U-647 and U-648 launched.

U-528 commissioned.
 

U.S.S.R.: At dawn in Stalingrad, the Soviet 42nd Regiment attacks into a hurricane of mortar fire, seeking the top of Mamayev Kurgan. A short and vicious hand-to-hand battle settles the issue, and Soviet troops gain the summit.As soon as they dig in, the Germans counterattack, but the Soviets hold on. 
 

EGYPT: US Major General Lewis H Brereton, Commanding General US Army Middle East Air Force in Egypt, is officially assigned to the Middle East as a result of pressure from Major General Clayton L Bissell, new Commanding General Tenth Air Force in India, for clarification of the status of Brereton and other key staff officers and combat crews who had gone from India to the Middle East in June and July 1942. 

LIBYA: During the night of 16/17 September, US Army, Middle East Air Force B-24 Liberators bomb Bengasi, Libya, harbor.

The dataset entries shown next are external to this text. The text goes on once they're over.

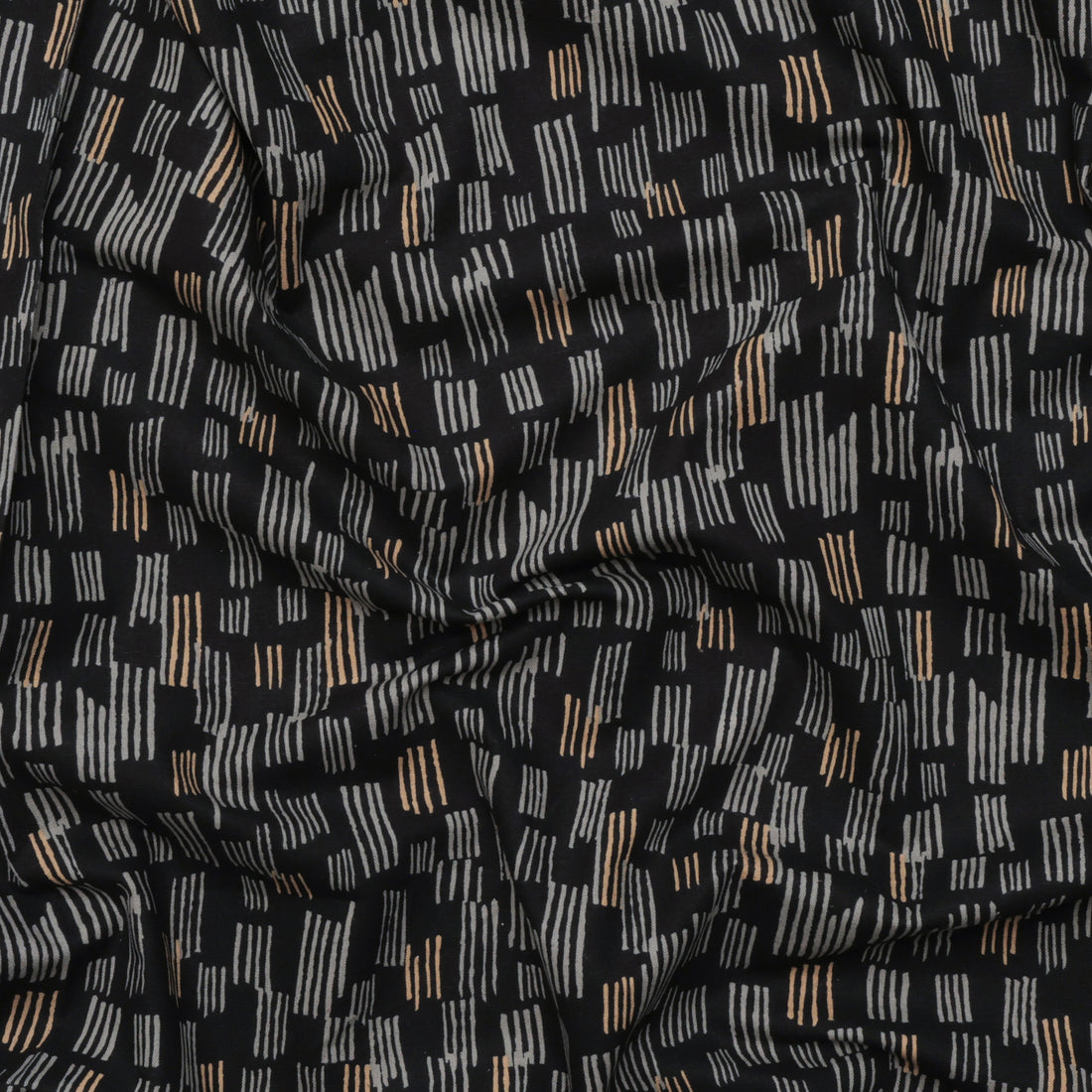 Anna Graham - Canvas - Orchard Run - Lines Charcoal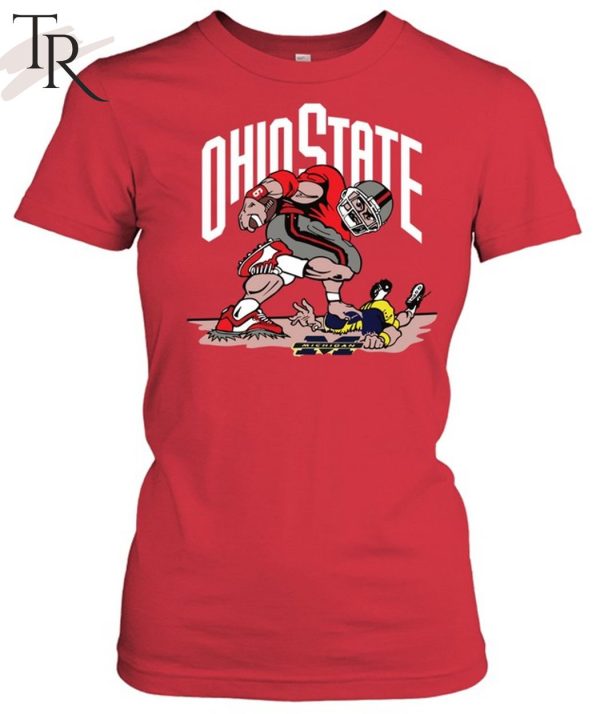 Limited Edition Ohio State Michigan Fears T-Shirt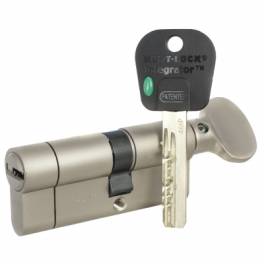 Цилиндр Integrator BREAK SECURE EXTRA 466P L 81 ТФ (50х31Т) никель, ключ-вертушка Mul-T-Lock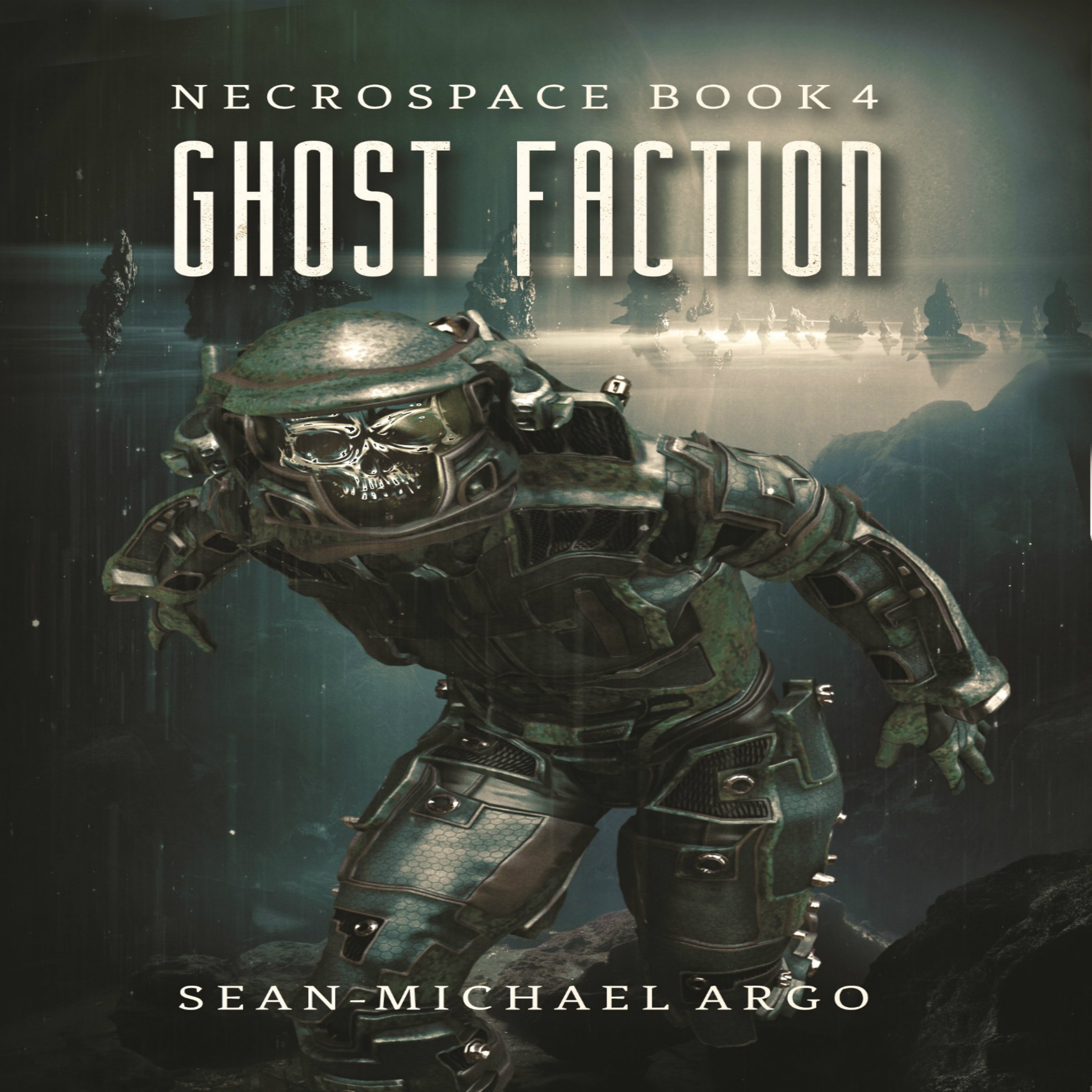 Cover art for Ghost Faction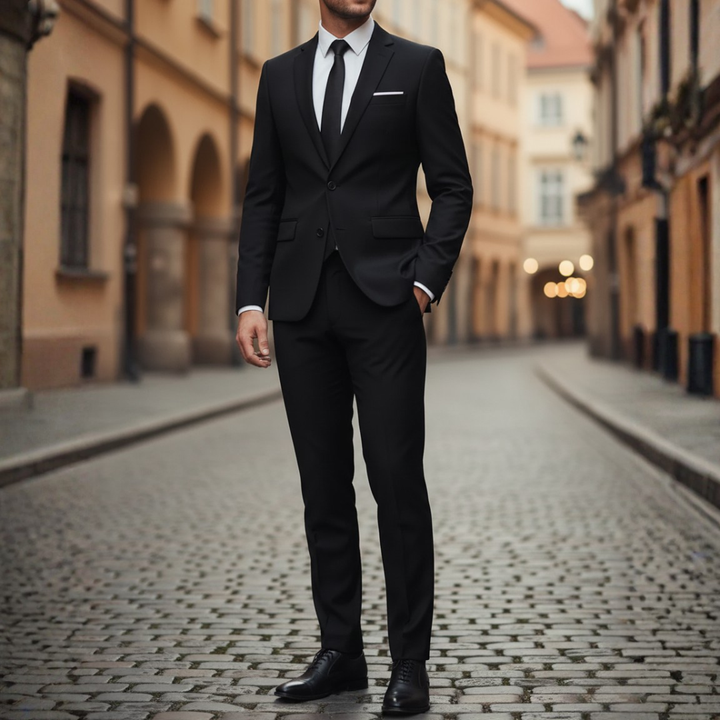 Abito Uomo Elegante in Materiale di Alta Qualità | Altivaro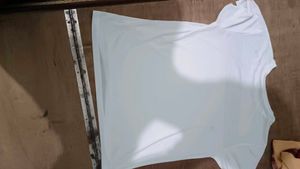 Striped White T-Shirt Brand New Condition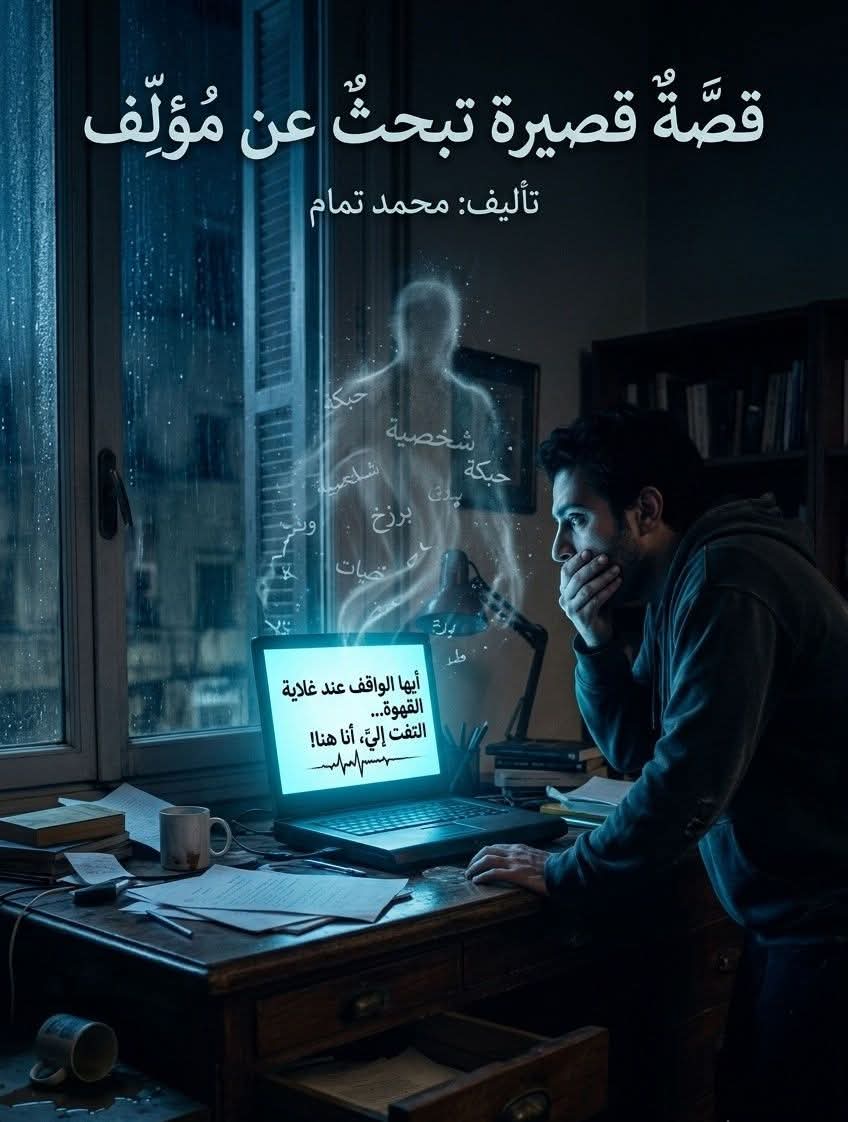 محمد تمام يكتب.. قصة قصيرة تبحث عن مؤلف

SUDAN: Sgt. Graham Leslie Parish (b.1912), RAFVR, tried to help an injured passenger from his crashed and blazing bomber. Unfortunately, both men died. (George Cross)

NEW GUINEA: In Papua New Guinea, the Japanese ground offensive toward Port Moresby comes to a halt at Ioribaiwa; Australian troops are entrenched on Imita Range where they are preparing a counteroffensive. The Japanese are too ill-equipped and their supply lines too extended over forbidding terrain to enable them to reach their objective, Port Moresby.

A lone US 5th Air Force B-17 attacks landing barges in the Sanananda area while a single A-20 Havoc bombs and strafes positions at Nauro and Menari in the Efogi area. 

BISMARK ARCHIPELAGO: On New Britain Island, US 5th Air Force B-17s bomb the wharf and airfield at Rabaul and airfield on Gasmata Island off the south coast of New Britain Island.

TERRITORY OF ALASKA: ALEUTIANS: The Japanese complete transfer of the Attu garrison to Kiska, begun on 27 August; all defensive positions on Attu were destroyed by the Japanese. A US 11th Air Force B-17 Flying Fortress and a B-24 Liberator fly photographic and reconnaissance runs over Adak.

CANADA: Corvettes HMCS Weyburn and Lunenburg departed St. John's for UK with Convoy SC-100 and support of Operation Torch, North African Landings.

Corvette HMCS Oakville arrived Halifax for repairs to damage.

U.S.A.: A training program for the Women's Auxiliary Flying Squadron (WAFS), under Jacqueline Cochran's direction, is approved as the 319th Army Air Forces Flying Training Detachment (Women), or more simply Women's Flying Training Detachment (WFTD), at Howard Hughes Field, Houston, Texas.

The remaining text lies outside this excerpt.